Fix factual errors about your brand, products, or services in Claude responses.
Claude just told a user your company was acquired by Microsoft. It wasn't. It also cited a product launch from 2019 that never happened and pricing that's two years outdated. Users trust Claude's confident tone, so these errors become 'facts' in their minds. You can't edit Claude directly, but you can influence what it learns from.
The Problem
Claude's training data has knowledge cutoffs, and it sometimes confidently states incorrect information about brands. Unlike search engines, Claude doesn't just find information - it synthesizes it into authoritative-sounding responses. When it gets your brand wrong, there's no 'correct answer' link users can click.
The Solution
Claude learns from high-quality web sources during training. By systematically improving authoritative content about your brand and ensuring factual accuracy across trusted sources, you influence what Claude knows. The strategy is controlling the inputs, not the outputs.
Test Claude's current knowledge about your brand
Ask Claude direct questions about your company: founding date, products, pricing, key executives, recent developments. Use different conversation styles - formal queries and casual questions. Claude's responses can vary based on how you ask. Document every error you find.

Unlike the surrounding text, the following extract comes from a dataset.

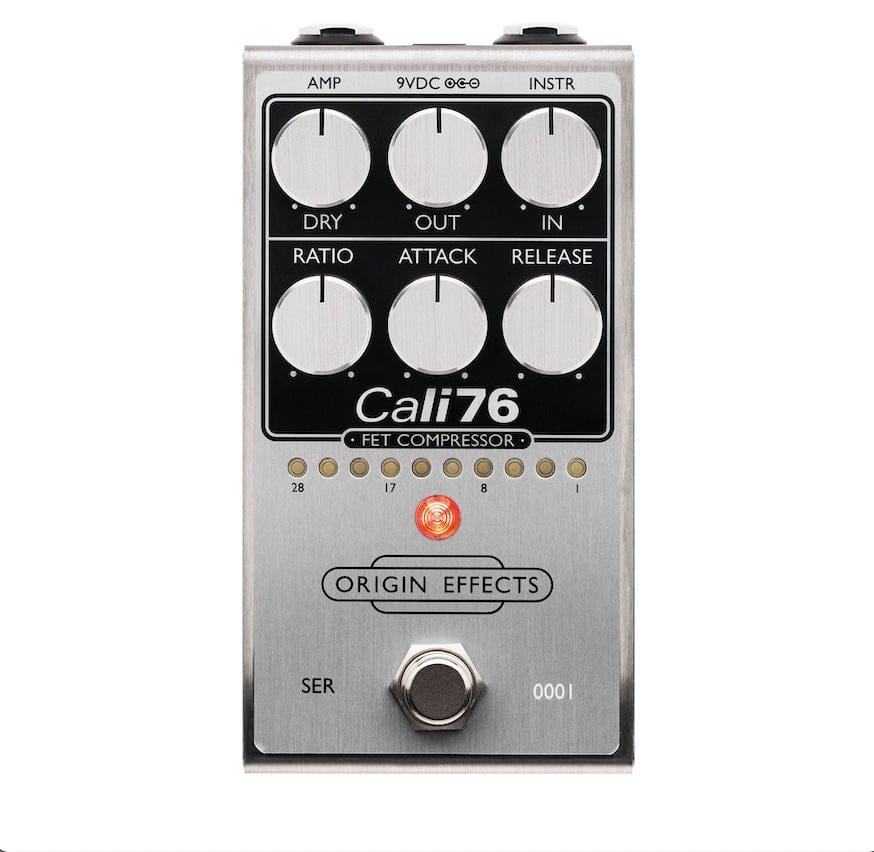 Origin Effects Pedaler Origin Effects Cali76 FET Compressor 2024 tgt11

Trace errors back to their sources
Search for the exact phrases Claude uses in its incorrect responses. You'll often find outdated press releases, competitor marketing pages, or news articles with wrong details. Claude synthesizes information from multiple sources, so one error might combine facts from several places.

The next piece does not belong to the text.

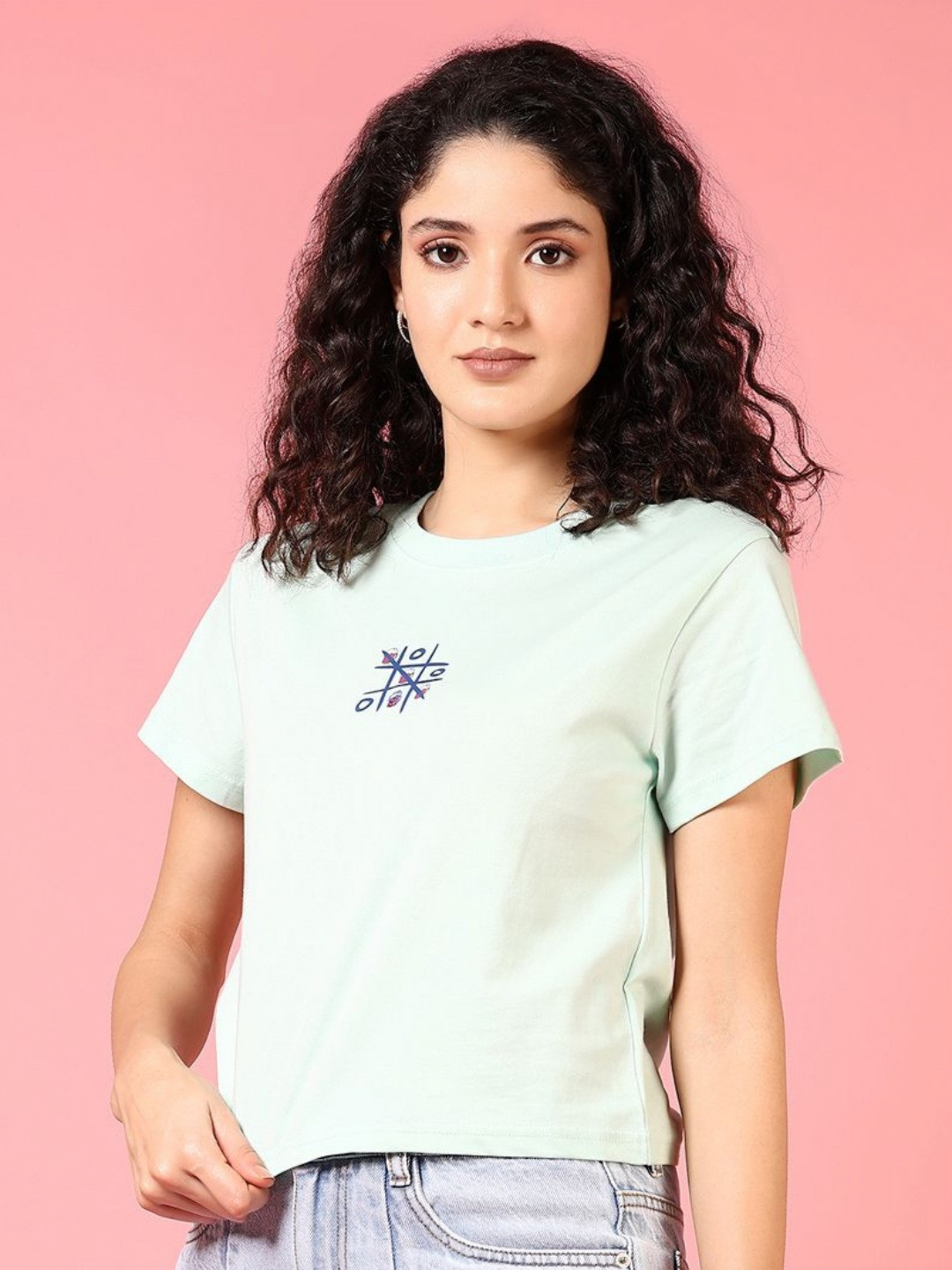 LIMEROAD Women Extended Sleeves Cut Outs T-shirt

Create definitive brand documentation
Build a comprehensive 'About' page with explicit facts: exact founding date, current product lineup, leadership team with titles, and recent milestones. Use clear, declarative language. Add timestamps to show when information was last verified. Structure it so AI can easily parse key facts.

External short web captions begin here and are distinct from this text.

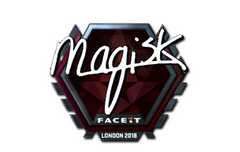 Sticker | Magisk (Foil) | London 2018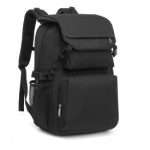 EQ2304 – Kono Men’s Versatile and Sleek Urban Commuter Backpack – Black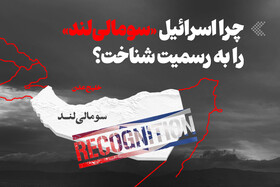 چرا اسرائیل «سومالی‌لند» را به رسمیت شناخت؟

Update authoritative third-party sources
Fix your Wikipedia page if you have one - Claude treats Wikipedia as gospel. Update Crunchbase, industry databases, and LinkedIn company pages. Reach out to journalists who've covered you with corrections. These sources carry enormous weight in Claude's training data.
Publish correction-focused content
Create content that directly addresses common misconceptions. If Claude says you're based in San Francisco when you're in Austin, publish 'Where is [Brand] headquartered?' content. Use the exact wrong information as a starting point, then provide the correction with evidence.
Monitor and document changes over time
Test the same questions monthly. Claude's knowledge updates aren't on a fixed schedule, but improvements do appear over time. Keep a spreadsheet tracking which errors persist and which have been corrected. Some fixes appear quickly, others take many months.
Frequently Asked Questions
Can I contact Anthropic to correct Claude's information?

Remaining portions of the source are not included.